Yeah, i'm not sure what Mike's agenda is here. He's supposed to be a numbers man yet it seems a little off to me and has done since his announcement just after Descenders launched. Is he trying to renegotiate with Valve or court the EGS Habidashers? I'm a little cynical at the moment regarding these things and it's always about money but i'd like to see a data-science person chime in on his methodology etc.
Not a data-science person per se, but without going into too much detail my grad focus involved quantitative data analysis, so plenty of looking at spreadsheets, datasets, regressions, charts and so forth. I've also been out of the game for a while, unfortunately. Knowing the limitations of my atrophying expertise, I'll try to be as modest as possible interpreting the slides.
Removing the top and bottom to get rid of outliers is ok. Especially if it's polluting the data as he says. It can be useful to see the full spread just to get an idea of in which revenue range the majority of games lie. Especially if you want contrast that against what a 'typical' game might come to expect. That kind of contextualization is nice, even when you have wild outliers. From there, you can narrow the scope of the data again to zoom in on a specific subset or issue. There were three instances whereby the data was modified: 1. removing all games with less than 10 reviews, 2. removing AAA and 3. removing top and bottom 5%. I don't know if that last step was necessary personally without seeing the data. I would've expected the first two limitations to be sufficient, but this could have its reasons. I've always removed outliers manually rather than indiscriminately removing them based on a fixed percentage. If they are strongly affecting the outcome of the data, I would assume it'd be easy to pick out the ones that aren't representative.
It would've been good to have visuals. Data analysis software can produce really informative visualizations. A basic box and whiskers plot would've done wonders. Often data doesn't translate well to text and the way some of these statements and conclusions are worded is open to interpretation.
Statements like "the average game on Steam" are hard to parse and open to misinterpretation. I guess with average, he means median, i.e. the literal middle of the pack (I assume this because the numbers for the "average game" line up with the median numbers). This is confusing because the average is the mean. Anyway, contrast the information about the median game against the means, and you see that the distribution of sales and revenue is highly unequally distributed. So the top half of the games did
a lot better than the bottom half. That's interesting in and of itself compared to year-over-year numbers.
One thing I didn't quite understand is how the median sells 1500 copies at $10 but somehow makes $16,000 in revenue. Typo? He does say that this is after all the cuts are taken out of the equation, but at that point I would expect that number to be much lower. At the very least there's that fat 30% cut that Valve takes, so how come it's that high? The 2018 numbers add up differently and would be closer to what I expect after taxes, distributor cut, etc.

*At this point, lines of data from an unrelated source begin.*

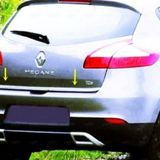 FAMS OTO AKSESUAR Renault Megane 3 Krom Bagaj Alt Çıtası 2008-2016 P. Çelik HB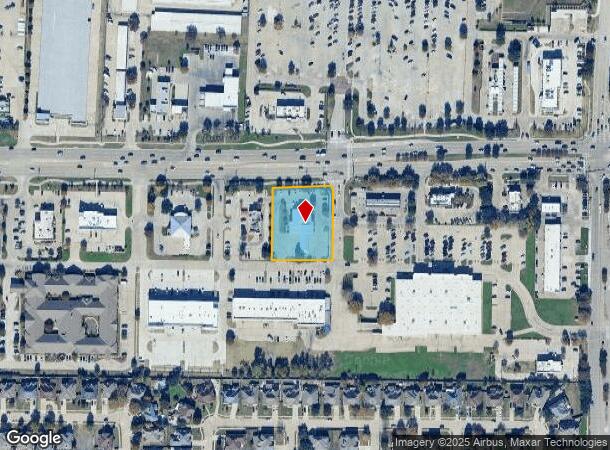  154 W Fm 544, Murphy, TX Parcel Map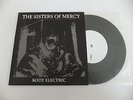 The Sisters Of Mercy - Body Electric (7'' Test Pressing)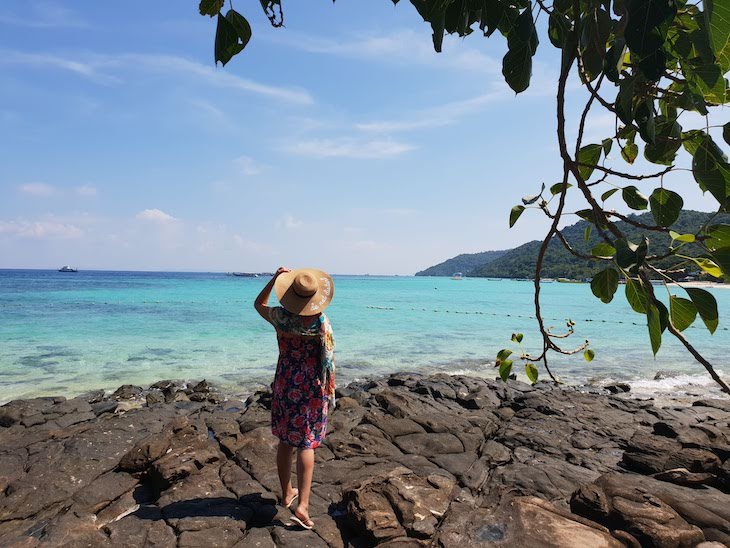 lhas Phi Phi (Islands), Tailândia © Viaje Comigo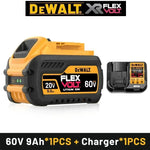 Nueva Batería Original 9.0Ah 20V/60V para Herramientas Eléctricas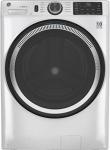 GE 28-Inch Smart Front Load Washer, 4.8 cu. ft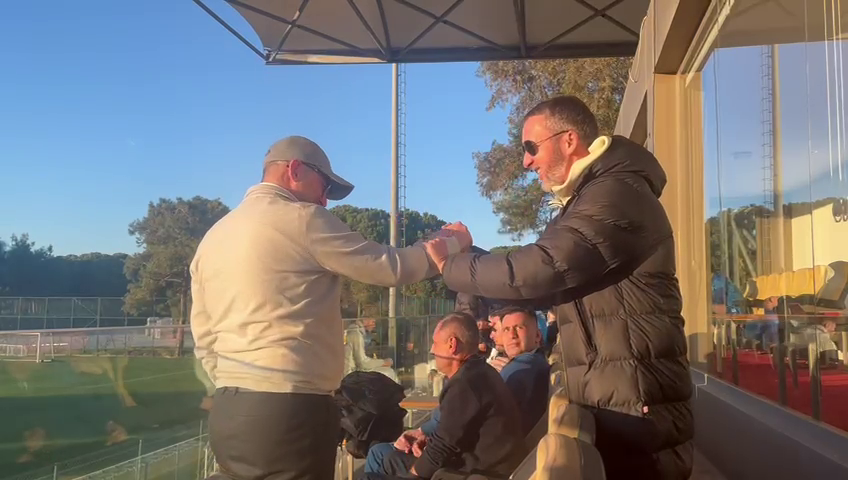 Întâlnire de gradul zero! MM Stoica și Mihai Rotaru s-au luat în brațe în cantonamentul din Antalya_5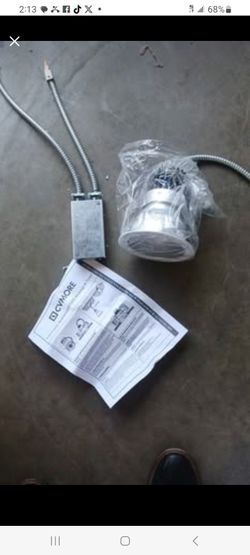 Architectural Downlight Led 11w 4000k intertek 319488 lighting & hardware kit  $19/lot of 6  $90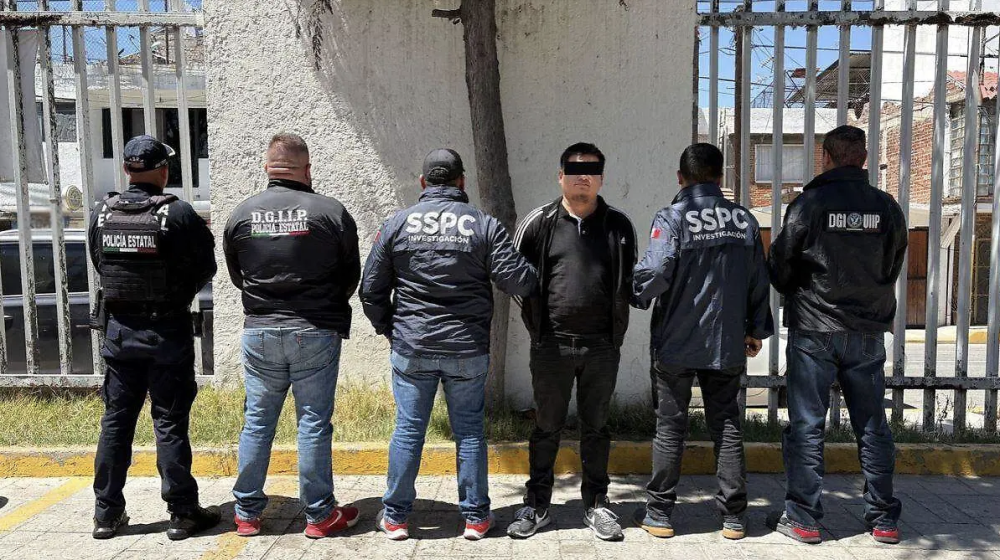 Capturan a «El Kino», presunto miembro de la MS-13, en México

Then he says he's talking about "the average game on Steam [in 2018/2019]" but his sample is of one month, and then there's the bit about "in the first year on sale". I thought it was one month. Did he project that one month snapshot over the rest of the year? This slide is generally confusing to me.
When it comes to the part about game pricing. I don't really understand how that conclusion was reached. That relationship was not evident to me from the slides. Maybe there is more information on the purchase behavior and price relationship / (in)elasticity that the author has and is coloring this conclusion. So instead I'm guessing at how this conclusion was reached. I guess the implication is that because the median of copies sold in higher pricing brackets is as high or higher than in lower pricing brackets, it follows that price does not have a negative relationship with copies sold. I personally find that somewhat of a tenuous suggestion, given that there are many other variables that are associated with higher priced games, while there is no information on whether these factors were somehow accounted for.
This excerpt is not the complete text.